Data:

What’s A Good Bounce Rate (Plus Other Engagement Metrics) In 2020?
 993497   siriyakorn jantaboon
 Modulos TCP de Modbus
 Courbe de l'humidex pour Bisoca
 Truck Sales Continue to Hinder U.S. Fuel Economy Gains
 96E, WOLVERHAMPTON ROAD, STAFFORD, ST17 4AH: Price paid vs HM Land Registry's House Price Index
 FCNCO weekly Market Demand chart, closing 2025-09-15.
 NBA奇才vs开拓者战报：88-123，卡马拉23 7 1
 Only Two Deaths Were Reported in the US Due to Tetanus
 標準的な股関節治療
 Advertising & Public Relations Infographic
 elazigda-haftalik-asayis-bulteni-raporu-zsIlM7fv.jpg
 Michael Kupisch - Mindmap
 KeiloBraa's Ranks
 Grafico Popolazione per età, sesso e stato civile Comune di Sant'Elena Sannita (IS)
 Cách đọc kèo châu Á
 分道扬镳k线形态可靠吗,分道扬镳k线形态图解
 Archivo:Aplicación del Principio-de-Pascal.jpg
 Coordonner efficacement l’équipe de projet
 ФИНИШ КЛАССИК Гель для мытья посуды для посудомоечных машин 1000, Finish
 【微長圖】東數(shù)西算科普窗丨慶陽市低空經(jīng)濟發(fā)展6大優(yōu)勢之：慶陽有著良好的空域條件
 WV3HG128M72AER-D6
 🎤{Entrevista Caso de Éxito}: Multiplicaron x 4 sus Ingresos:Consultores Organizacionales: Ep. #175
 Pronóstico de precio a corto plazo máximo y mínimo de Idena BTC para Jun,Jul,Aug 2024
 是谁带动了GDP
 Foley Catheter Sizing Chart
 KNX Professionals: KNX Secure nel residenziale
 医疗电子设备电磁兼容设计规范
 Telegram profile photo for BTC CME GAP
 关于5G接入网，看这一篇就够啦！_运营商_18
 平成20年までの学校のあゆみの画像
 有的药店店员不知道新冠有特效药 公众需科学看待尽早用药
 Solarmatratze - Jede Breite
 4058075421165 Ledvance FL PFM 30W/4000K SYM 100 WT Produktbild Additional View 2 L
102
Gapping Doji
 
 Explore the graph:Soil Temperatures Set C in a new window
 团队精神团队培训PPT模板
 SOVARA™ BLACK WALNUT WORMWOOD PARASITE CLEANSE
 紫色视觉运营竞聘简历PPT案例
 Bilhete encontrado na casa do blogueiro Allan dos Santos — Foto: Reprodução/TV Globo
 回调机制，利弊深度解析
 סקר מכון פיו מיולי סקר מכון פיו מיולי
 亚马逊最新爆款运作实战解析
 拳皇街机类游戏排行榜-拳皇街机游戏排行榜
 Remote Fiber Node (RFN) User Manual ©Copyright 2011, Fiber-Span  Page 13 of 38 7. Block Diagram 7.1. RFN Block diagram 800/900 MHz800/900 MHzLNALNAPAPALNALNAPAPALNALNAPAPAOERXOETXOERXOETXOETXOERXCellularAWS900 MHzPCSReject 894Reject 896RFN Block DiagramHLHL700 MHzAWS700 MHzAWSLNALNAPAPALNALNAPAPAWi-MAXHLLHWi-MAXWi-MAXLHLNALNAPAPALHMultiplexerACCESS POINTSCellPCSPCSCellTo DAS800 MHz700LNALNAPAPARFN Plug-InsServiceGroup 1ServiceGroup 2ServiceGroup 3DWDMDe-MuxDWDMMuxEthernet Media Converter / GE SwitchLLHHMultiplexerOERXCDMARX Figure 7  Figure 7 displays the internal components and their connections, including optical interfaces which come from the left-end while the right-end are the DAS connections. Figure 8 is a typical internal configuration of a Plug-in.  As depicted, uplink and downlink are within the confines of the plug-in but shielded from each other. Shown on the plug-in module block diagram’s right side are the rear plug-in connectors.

Work to be completed: Please reproduce, exactly as they appear above, the lines from the line containing "Advertising & Public Relations Infographic" up to and including the line containing "ФИНИШ КЛАССИК Гель".

Response to this task:
 Advertising & Public Relations Infographic
 elazigda-haftalik-asayis-bulteni-raporu-zsIlM7fv.jpg
 Michael Kupisch - Mindmap
 KeiloBraa's Ranks
 Grafico Popolazione per età, sesso e stato civile Comune di Sant'Elena Sannita (IS)
 Cách đọc kèo châu Á
 分道扬镳k线形态可靠吗,分道扬镳k线形态图解
 Archivo:Aplicación del Principio-de-Pascal.jpg
 Coordonner efficacement l’équipe de projet
 ФИНИШ КЛАССИК Гель для мытья посуды для посудомоечных машин 1000, Finish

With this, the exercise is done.